What is required: What is needed is an exact repeat of the entries, with no pictures in it.

##########

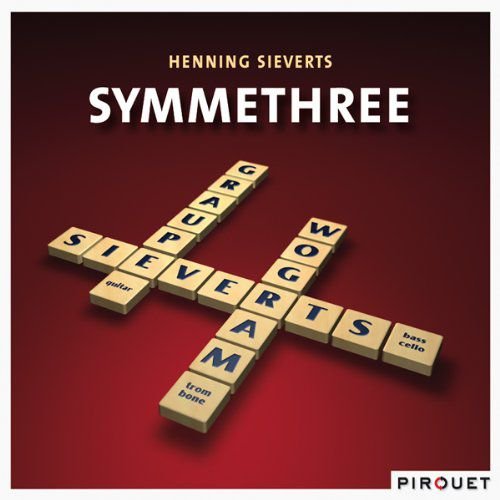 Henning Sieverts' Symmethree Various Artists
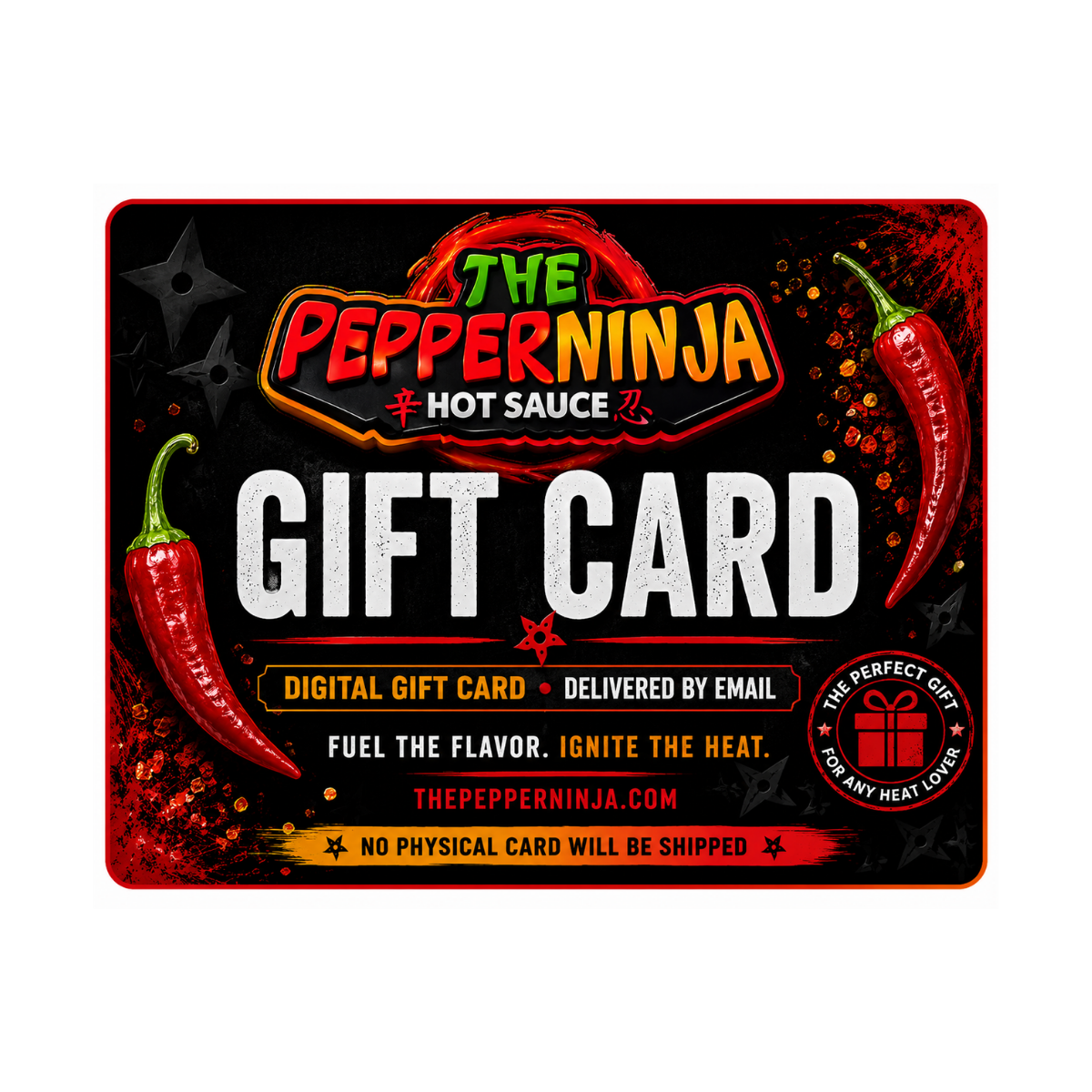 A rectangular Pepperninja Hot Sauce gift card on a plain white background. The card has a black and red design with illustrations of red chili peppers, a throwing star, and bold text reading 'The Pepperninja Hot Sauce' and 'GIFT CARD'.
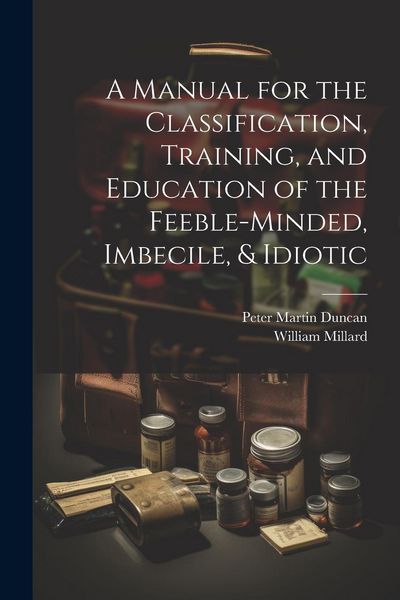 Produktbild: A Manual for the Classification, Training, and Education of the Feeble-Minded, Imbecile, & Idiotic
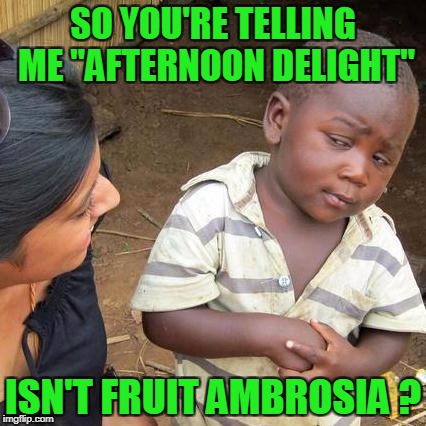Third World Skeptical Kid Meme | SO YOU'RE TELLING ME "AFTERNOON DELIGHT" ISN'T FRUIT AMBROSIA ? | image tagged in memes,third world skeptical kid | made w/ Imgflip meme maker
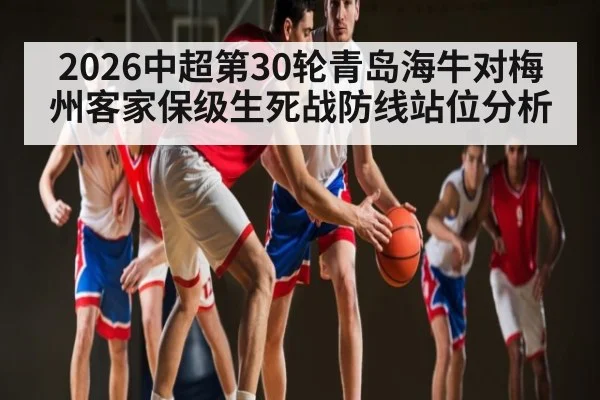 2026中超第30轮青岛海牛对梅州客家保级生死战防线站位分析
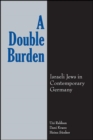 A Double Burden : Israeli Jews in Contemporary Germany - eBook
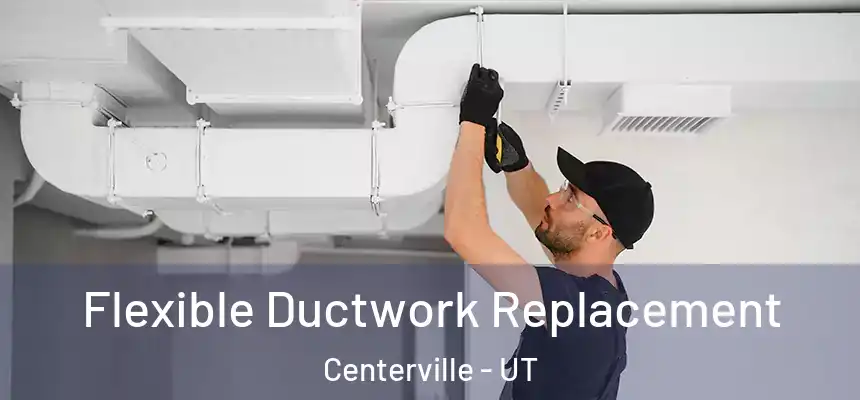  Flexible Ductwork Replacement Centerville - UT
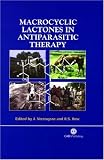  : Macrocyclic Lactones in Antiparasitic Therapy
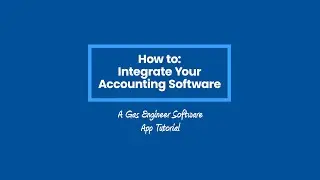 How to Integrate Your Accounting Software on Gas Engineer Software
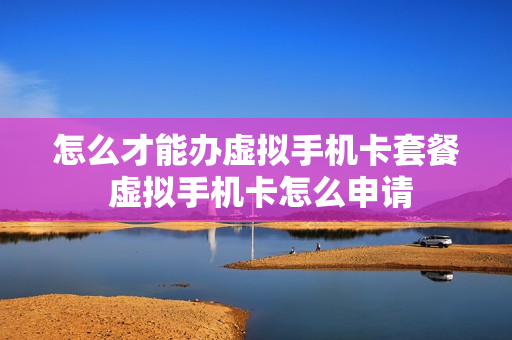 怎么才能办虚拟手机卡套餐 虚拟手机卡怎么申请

##########

Solution to the problem:
 Henning Sieverts' Symmethree Various Artists
 A rectangular Pepperninja Hot Sauce gift card on a plain white background. The card has a black and red design with illustrations of red chili peppers, a throwing star, and bold text reading 'The Pepperninja Hot Sauce' and 'GIFT CARD'.
 Produktbild: A Manual for the Classification, Training, and Education of the Feeble-Minded, Imbecile, & Idiotic
Third World Skeptical Kid Meme | SO YOU'RE TELLING ME "AFTERNOON DELIGHT" ISN'T FRUIT AMBROSIA ? | image tagged in memes,third world skeptical kid | made w/ Imgflip meme maker
 2026中超第30轮青岛海牛对梅州客家保级生死战防线站位分析
 A Double Burden : Israeli Jews in Contemporary Germany - eBook
  Flexible Ductwork Replacement Centerville - UT
  : Macrocyclic Lactones in Antiparasitic Therapy
 How to Integrate Your Accounting Software on Gas Engineer Software
 怎么才能办虚拟手机卡套餐 虚拟手机卡怎么申请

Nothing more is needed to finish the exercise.